_DATA BLOCK_

********************

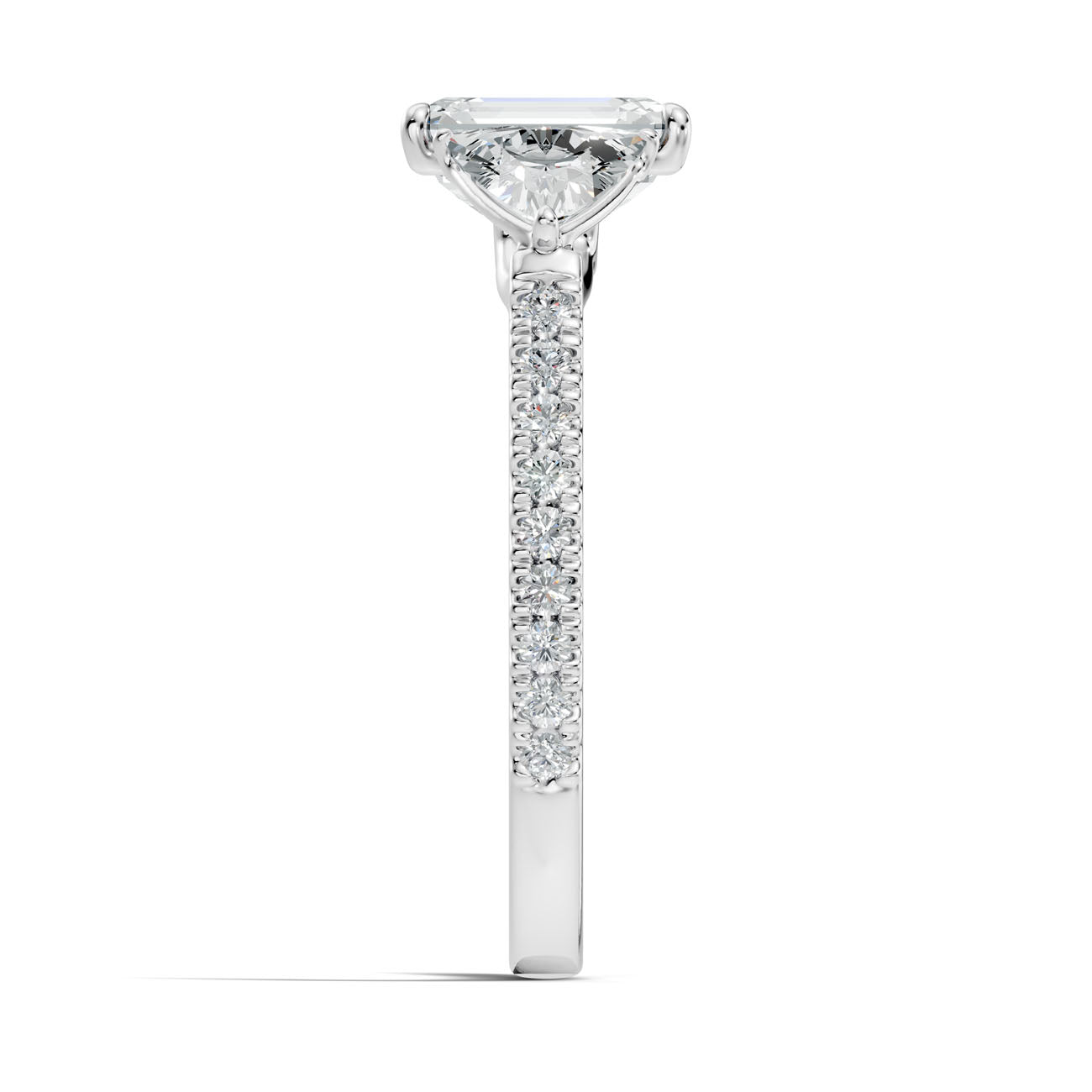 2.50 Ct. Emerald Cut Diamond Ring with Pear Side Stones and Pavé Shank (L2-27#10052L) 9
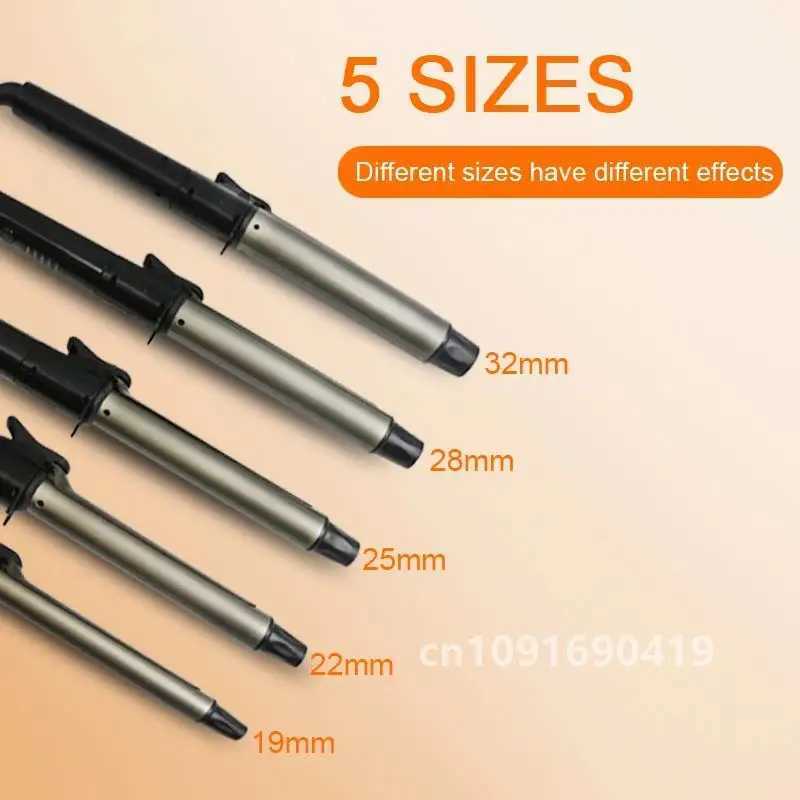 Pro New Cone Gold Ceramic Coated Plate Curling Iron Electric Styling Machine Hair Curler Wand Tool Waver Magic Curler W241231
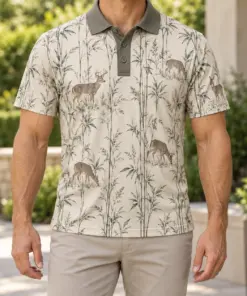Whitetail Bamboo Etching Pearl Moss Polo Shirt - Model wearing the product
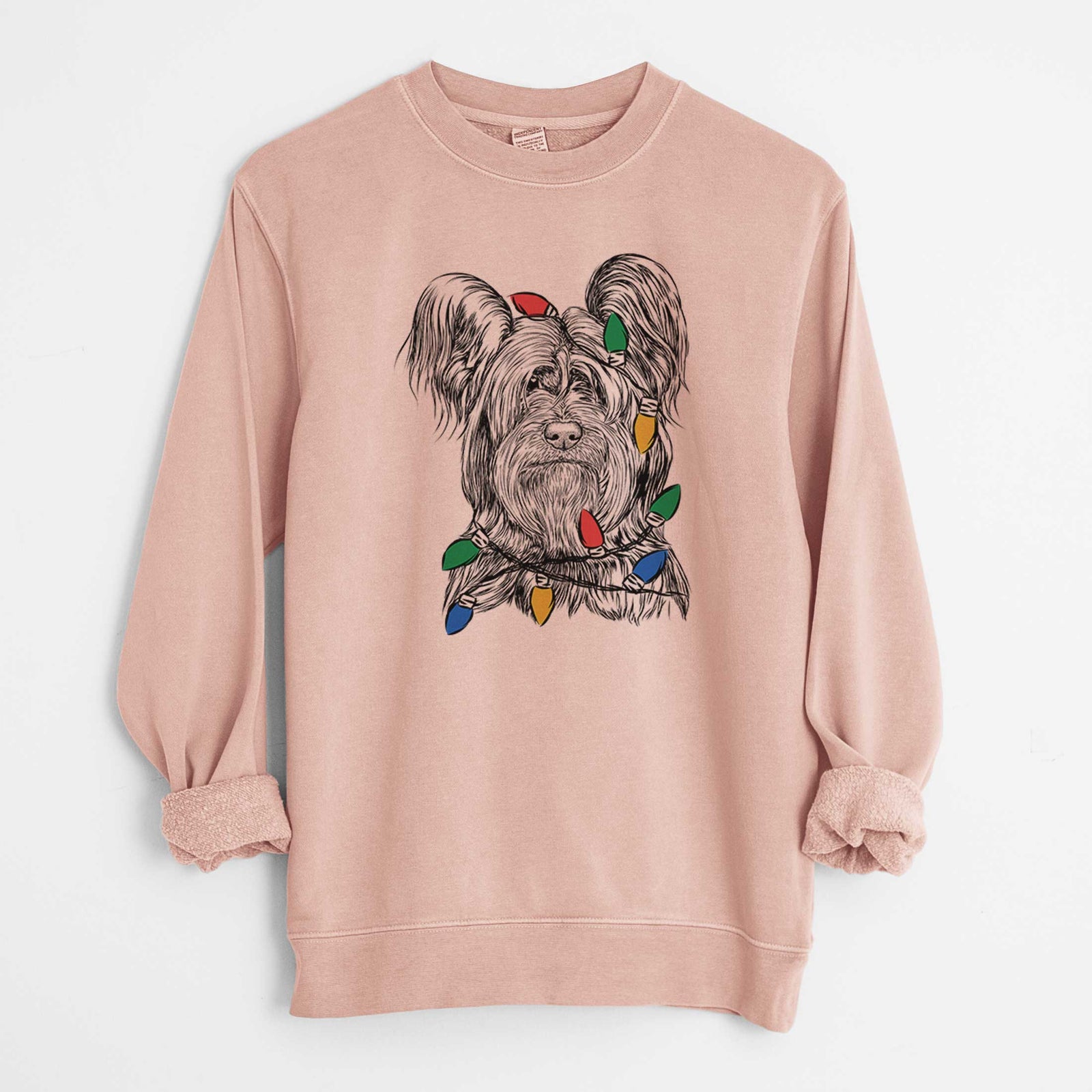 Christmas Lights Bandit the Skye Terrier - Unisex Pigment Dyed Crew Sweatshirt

********************

_DIRECTIONS_
Your copy should hold exactly the lines from the line bearing "Pro New Cone" through the end of the data, both included, and no pictures or anything further.

_YOUR SOLUTION_
 Pro New Cone Gold Ceramic Coated Plate Curling Iron Electric Styling Machine Hair Curler Wand Tool Waver Magic Curler W241231
Whitetail Bamboo Etching Pearl Moss Polo Shirt - Model wearing the product
 Christmas Lights Bandit the Skye Terrier - Unisex Pigment Dyed Crew Sweatshirt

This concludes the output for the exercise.